Aquella tarde salí con la finalidad de escribir biografías de personas emprendedoras, personas que mueven la economía informal de la ciudad, sea dicho con propiedad de mercaderes, porque si bien es cierto, hay diferentes tipos de mercaderes y, por parte materna venga de mercaderes que hicieron sociedad con judíos, árabes y palestinos, haciendo mercado en las calles principales de Cusco, Tacna, Puno, Arequipa para finalmente terminar en Mollendo, El Puerto Bravo, desde donde mi padre conoció a mi madre y naciera yo, hay también mercaderes que están en esos mercados donde las historias pensé, eran anónimas, muy del Perú trabajador, del que madruga desde bien temprano, entre cargadores, esos estibadores llevando desde carretillas de verduras a la entrega de decenas de sacos sean de papas o arroz o reses enteras, historias, tan anónimas como la de cualquier peruano de a pie que cuida mucho de hacer notar sus manos, porque una cosa es usar guantes de protección para no contaminarse con microorganismos del medio ambiente o del contacto con personas de quien no sabemos qué bacterias o bichos puedan tener, sean virus hasta enfermedades venéreas, fue que me interné en esa larga avenida llena de gente vestida en trajes andinos, propios de la sierra alta del Perú y pensé, escribirles la historia de sus vidas, donde ellos mismos pondrían sus nombres como autores de sus biografías sería como el legado que los ilustres anhelan dejar, como registro, rastro, que revelase más allá de un aporte o una teoría interesante sobre  la vida, hazañas, anécdotas dignas de ser transmitidas de generación en generación pero no por vía oral, sino desde un libro, en el que, el testimonio llegase a hijos, nietos, bisnietos y cuanta prole haya, solo en el peor de los casos, para saber quién se es, quiénes fueron los antepasados de uno, esos orígenes que se relacionan en la aristocracia con el árbol genealógico y cuanto registro se necesite solo para contestar: ¿y usted hijo de quién es?

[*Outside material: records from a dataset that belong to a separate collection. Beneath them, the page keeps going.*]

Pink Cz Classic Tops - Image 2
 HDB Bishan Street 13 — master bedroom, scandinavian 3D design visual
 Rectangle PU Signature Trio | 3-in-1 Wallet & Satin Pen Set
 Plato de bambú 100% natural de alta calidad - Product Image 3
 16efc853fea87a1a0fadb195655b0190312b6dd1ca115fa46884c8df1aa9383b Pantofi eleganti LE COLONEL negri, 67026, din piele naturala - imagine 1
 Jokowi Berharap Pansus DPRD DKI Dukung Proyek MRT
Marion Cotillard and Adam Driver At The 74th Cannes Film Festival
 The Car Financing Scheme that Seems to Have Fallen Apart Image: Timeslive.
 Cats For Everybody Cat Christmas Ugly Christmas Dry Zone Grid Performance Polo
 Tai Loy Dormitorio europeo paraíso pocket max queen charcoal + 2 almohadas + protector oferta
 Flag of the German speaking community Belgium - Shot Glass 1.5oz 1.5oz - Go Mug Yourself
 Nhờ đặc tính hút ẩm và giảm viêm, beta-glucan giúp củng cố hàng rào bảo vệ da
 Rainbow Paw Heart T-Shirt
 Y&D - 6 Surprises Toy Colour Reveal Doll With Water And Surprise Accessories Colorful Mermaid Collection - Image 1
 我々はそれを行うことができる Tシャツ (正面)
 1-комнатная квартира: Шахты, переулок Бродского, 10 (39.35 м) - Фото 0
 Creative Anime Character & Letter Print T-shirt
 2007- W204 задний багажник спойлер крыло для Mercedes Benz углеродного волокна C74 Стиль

El Perú es un país como muchos, sin historias resueltas, sin pasados esclarecidos y ocultados a voluntad, donde hay prostitutas, alcohólicos, estafadores, mafiosos, delincuentes, ladrones, asesinos, drogadictos o viciosos, llegando hasta el etc., de las miserias inconfesables que instan a los que han progresado no solo a blanquearse sino, a ver de lejitos a los que son sus parientes y no son precisamente el ejemplo de personas a serlo, cuando ya con fortuna, estén dentro de los oropeles de una sociedad en la que se exige ser decente y se da licencia para nombrar a los antepasados, si acaso eso es anecdótico, ya que uno es por su propio nombre,  no por lo que fueron sus padres o abuelos.
Porque cuando empecé a conversar con estos mercaderes de estos sectores populares, me di con un choque muy fuerte con la realidad de la ciudad y sus inmigrantes: “nosotros no leemos”. ¿No leen?, o cuando les hablé de escribir sus biografías para que teniéndolas en libros con fotos suyas en sus propios estantes de libros, tuvieran ese legado en forma de libro a mostrar, con el orgullo propio del que ha vivido y se jacta de sus logros. Pero no fue ni lo uno ni lo otro, eran personas que desaseadas, vestidas con ropas sucias y con la mirada perdida en lo que daban en el televisor encendido apenas pudieron contestarme, como si yo hubiera aparecido en sus vidas como un intruso a juzgar o condenar.
Era pues yo, el hombre que tiene historias maravillosas y, las demás personas que de nada podían sentir orgullo en su pasado.